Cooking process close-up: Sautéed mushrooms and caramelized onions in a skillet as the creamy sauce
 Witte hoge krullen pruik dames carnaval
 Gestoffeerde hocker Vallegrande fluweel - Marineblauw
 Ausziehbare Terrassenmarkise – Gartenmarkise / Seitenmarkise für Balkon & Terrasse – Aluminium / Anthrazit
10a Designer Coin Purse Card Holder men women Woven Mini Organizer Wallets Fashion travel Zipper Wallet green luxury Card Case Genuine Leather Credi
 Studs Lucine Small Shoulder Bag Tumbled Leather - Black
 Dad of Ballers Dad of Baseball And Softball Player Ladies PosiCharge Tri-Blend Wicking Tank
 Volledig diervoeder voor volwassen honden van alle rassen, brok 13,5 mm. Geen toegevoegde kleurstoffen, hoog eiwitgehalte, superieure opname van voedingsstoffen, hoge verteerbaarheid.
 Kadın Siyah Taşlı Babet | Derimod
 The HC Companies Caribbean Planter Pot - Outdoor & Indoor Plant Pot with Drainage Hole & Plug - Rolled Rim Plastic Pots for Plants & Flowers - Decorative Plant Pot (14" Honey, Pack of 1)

──────

*Task instructions*
Every line of the data must appear again in the answer, exactly as written.

*Completed task*
Cooking process close-up: Sautéed mushrooms and caramelized onions in a skillet as the creamy sauce
 Witte hoge krullen pruik dames carnaval
 Gestoffeerde hocker Vallegrande fluweel - Marineblauw
 Ausziehbare Terrassenmarkise – Gartenmarkise / Seitenmarkise für Balkon & Terrasse – Aluminium / Anthrazit
10a Designer Coin Purse Card Holder men women Woven Mini Organizer Wallets Fashion travel Zipper Wallet green luxury Card Case Genuine Leather Credi
 Studs Lucine Small Shoulder Bag Tumbled Leather - Black
 Dad of Ballers Dad of Baseball And Softball Player Ladies PosiCharge Tri-Blend Wicking Tank
 Volledig diervoeder voor volwassen honden van alle rassen, brok 13,5 mm. Geen toegevoegde kleurstoffen, hoog eiwitgehalte, superieure opname van voedingsstoffen, hoge verteerbaarheid.
 Kadın Siyah Taşlı Babet | Derimod
 The HC Companies Caribbean Planter Pot - Outdoor & Indoor Plant Pot with Drainage Hole & Plug - Rolled Rim Plastic Pots for Plants & Flowers - Decorative Plant Pot (14" Honey, Pack of 1)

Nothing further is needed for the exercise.